A tradicional classificação das espécies, realizada há 250 anos pelo naturalista sueco Carlos Linneo (1707-1778), foi colocada na berlinda pelos taxionomistas numa recente reunião no Museu de História Natural de Paris.

AFP |

Linneo, que nasceu um século antes de Charles Darwin expor sua teoria da evolução das espécies, acreditava que as espécies vivas haviam sido criadas por Deus no Gênese e que, desde então, não havia sofrido qualquer variação.

Sua classificação, extremamente elaborada, não parece ameaçada por nenhuma outra a curto prazo, mas os biólogos buscam novos enfoques para catalogar a flora e a fauna, levando em conta não apenas sua forma, como também sua evolução.

Inúmeras teorias foram elaboradas na última década e pelo menos uma delas, denominada PhyloCode - que busca o que as espécies tinham em comum antes de evoluir -, tem seriamente a atenção dos especialistas.

Em outras disciplinas científicas, é freqüente ver uma teoria ser suplantada por outra, mas na taxinomia o problema é mais complexo, pois mudar agora os nomes dados há séculos a plantas e animais poderia provocar um caos.

Os taxionomistas polemizam sobre outras formas possíveis de classificação. "Há quem queira distribuir tudo em dois grandes grupos e quem queira levar em conta a menor diferença existente", explica o zoólogo Richard Pyle, especialista em peixes do Museu Bishop do Havaí e membro da Comissão Internacional de Nomenclatura Zoológica (ICZN).

Mas, indepedentende das divergências, os especialistas têm uma impressão parecida de urgência na necessidade de ajustar as classificações da biosfera em um planeta onde 30% das espécies correm o risco de extinção até o fim do século por causa das atividades humanas.
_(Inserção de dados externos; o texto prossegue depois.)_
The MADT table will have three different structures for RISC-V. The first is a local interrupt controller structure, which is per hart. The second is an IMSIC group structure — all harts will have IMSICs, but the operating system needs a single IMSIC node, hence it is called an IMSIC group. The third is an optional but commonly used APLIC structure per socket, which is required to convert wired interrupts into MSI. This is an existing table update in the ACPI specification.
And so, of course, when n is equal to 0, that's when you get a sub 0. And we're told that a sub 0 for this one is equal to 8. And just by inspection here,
"Se a pessoa quiser preservar as espécies em vias de extinção ou combater alguma perigosa para a saúde, deve saber exatamente de que espécie de trata", assinala Andrew Polaszek, do Museu de História Nacional de Londres.

"A denominação é a chave de todo o conhecimento acumulado sobre esse ou aquele organismo", acrescenta.
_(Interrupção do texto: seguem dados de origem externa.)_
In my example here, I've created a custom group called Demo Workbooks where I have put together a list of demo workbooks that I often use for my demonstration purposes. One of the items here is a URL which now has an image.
Apesar da crença geral de que o catálogo de organismos vivos do planeta esteja praticamente completo, na verdade ocorre o contrário.

"Passados 250 anos depois de Linné, temos classificados somente 10% dos organismos vivos na Terra", afirma Edward Wilson.
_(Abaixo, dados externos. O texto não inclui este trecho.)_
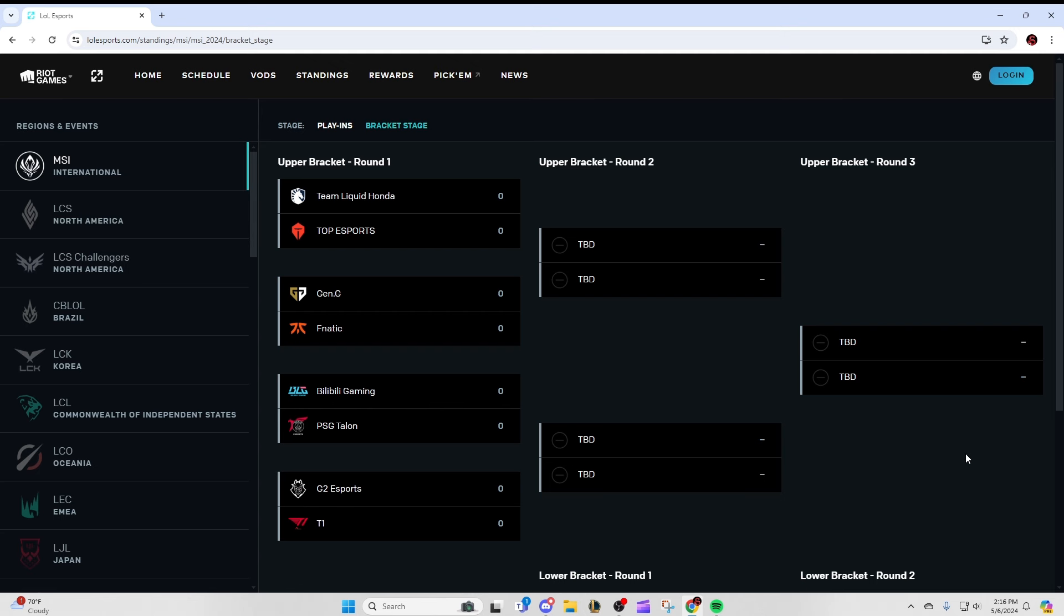And it really honestly can go either way. T1 did get the experience in the play-in, they have played on the stage in the environment before, so that is helping to assimilate them to the environment. However, their competition in play-ins was trash. They didn't actually play against Top, so T1 hasn't faced anyone of note yet. G2 is going to be their first test of the tournament, and G2 is very, very good. I think the X-factor in this series is going to be Yike.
Noventa por cento das espécies de aves e mais de 80% das plantas são conhecidas, mas os conhecimentos científicos sobre as bactérias são "incrivelmente incompletos", enfatiza o biólogo americano Edward Wilson.

Considera-se, por exemplo, que existam 1,5 milhão de fungos, mas há apenas 60.000 cientificamente catalogados. Haveria igualmente de quatro a cinco milhões de tipos de nematódeos, mas apenas 80.000 catalogados.

Para contribuir com as discussões sobre o sistema de classificação, os cientistas criaram o Zoobank, um banco de dados na internet (www.zoobank.org), que já tem registrados os nomes de 1,8 milhão de organismos.

"Lá qualquer pessoa pode ver o que acontece em todas as partes no domínio da taxionomia", afirma Richard Pyle, para quem esta disciplina está vivendo a mudança mais profunda desde os trabalhos de Linneo.